Menschen aus afrikanischen Ländern, die in Deutschland arbeiten wollen, sollen eine Kaution zahlen und dafür eine befristete Aufenthaltserlaubnis bekommen. Diese Idee hat der Sachverständigenrat Deutscher Stiftungen für Migration und Integration (SVR) in seinem Jahresgutachten vorgestellt. Wir haben nachgefragt, wie das ablaufen soll.
Anstatt hohe Summen an Schlepper zu zahlen, sollten Migranten gegen Hinterlegung von Geld regulär nach Europa einreisen dürfen. Das schlägt der Sachverständigenrat Deutscher Stiftungen für Migration und Integration (SVR) in seinem aktuellen Jahresgutachten vor (hier geht's zum Download). Die Zielstaaten könnten die Zuwanderung mit diesem Modell besser steuern, so das Argument. Aber nicht nur die Zielstaaten, sondern quasi alle Beteiligten würden davon profitieren, sagt die SVR-Vorsitzende Petra Bendel.
"Der Grundgedanke dieser Idee besteht darin, neue reguläre Wege der Migration zu öffnen, von denen alle profitieren: die Herkunftsstaaten, die Migrantinnen und Migranten selbst und auch die Aufnahmeländer."
Der SVR möchte ein Pilotprojekt initiieren: Arbeitnehmer – auch ohne formale Qualifikation – sollen ein temporäres Arbeitsvisum in Deutschland bekommen und kontrolliert einreisen können.

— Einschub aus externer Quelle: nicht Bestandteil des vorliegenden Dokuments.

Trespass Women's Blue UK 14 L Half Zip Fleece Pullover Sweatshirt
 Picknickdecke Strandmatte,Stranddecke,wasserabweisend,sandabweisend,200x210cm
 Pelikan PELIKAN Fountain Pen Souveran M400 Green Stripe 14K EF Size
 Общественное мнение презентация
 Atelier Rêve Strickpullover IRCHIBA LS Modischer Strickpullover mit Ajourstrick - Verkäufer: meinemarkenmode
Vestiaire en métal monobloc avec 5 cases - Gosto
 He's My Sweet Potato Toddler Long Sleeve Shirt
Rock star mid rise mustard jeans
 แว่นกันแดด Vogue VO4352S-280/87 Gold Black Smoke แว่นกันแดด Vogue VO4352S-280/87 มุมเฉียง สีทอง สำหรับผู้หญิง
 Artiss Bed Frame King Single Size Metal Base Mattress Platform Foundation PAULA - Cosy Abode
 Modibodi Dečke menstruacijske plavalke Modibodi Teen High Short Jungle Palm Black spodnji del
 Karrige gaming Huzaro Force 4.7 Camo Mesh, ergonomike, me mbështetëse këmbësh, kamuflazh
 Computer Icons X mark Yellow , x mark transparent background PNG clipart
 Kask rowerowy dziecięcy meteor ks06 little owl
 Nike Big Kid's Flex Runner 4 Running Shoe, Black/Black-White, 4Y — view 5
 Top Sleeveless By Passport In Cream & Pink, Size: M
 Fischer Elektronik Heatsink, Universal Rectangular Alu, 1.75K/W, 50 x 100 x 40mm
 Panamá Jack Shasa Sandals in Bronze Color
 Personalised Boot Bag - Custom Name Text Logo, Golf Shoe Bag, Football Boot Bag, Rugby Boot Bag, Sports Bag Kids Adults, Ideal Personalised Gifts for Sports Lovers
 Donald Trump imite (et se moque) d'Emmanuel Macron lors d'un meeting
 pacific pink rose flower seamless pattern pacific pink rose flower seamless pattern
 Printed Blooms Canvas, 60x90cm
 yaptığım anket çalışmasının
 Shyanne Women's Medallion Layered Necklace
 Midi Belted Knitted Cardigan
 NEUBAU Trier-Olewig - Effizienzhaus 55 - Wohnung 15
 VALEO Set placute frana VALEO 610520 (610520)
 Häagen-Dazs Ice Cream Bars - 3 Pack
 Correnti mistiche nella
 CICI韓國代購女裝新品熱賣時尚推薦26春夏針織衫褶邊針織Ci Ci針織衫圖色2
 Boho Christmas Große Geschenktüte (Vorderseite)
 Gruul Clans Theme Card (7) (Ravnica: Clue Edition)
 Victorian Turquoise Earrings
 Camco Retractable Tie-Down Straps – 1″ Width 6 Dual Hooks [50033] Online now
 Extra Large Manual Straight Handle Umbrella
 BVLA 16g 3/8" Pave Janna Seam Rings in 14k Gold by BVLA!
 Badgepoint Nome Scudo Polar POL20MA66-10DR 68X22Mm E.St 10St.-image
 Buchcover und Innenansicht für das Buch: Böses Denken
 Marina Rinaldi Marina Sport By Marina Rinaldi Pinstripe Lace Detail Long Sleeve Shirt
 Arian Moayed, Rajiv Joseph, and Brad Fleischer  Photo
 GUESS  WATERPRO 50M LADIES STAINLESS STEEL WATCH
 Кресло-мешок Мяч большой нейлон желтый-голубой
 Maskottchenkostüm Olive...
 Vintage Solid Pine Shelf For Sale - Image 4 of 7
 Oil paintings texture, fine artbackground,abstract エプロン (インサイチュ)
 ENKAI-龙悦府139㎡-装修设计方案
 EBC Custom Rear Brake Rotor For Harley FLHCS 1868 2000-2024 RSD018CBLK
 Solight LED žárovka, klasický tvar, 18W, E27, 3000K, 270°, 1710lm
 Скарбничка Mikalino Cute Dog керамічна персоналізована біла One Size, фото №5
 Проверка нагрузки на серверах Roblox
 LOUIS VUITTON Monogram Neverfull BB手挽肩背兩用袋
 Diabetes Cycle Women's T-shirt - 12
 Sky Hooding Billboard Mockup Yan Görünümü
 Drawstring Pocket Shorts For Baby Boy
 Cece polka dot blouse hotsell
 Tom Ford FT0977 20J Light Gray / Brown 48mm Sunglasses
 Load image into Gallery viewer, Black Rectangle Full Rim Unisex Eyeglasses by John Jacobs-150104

Befristete Arbeitsvisa gegen Kaution
Als Einreisevoraussetzung soll eine finanzielle Sicherheitsleistung erhoben werden. Nach Ablauf des Visums kehren die Migranten dann in ihre Heimatländer zurück, so der Plan – und zwar "mit neuen Ersparnissen, neuen Kenntnissen und neuen Kontakten", so Petra Bendel. Wenn die Zugezogenen fristgerecht ausreisen, werde die Kaution wieder zurückerstattet. Das Problem: Sehr viele Menschen, die aus ihrem Heimatland emigrieren, haben nur sehr wenig oder gar kein Geld.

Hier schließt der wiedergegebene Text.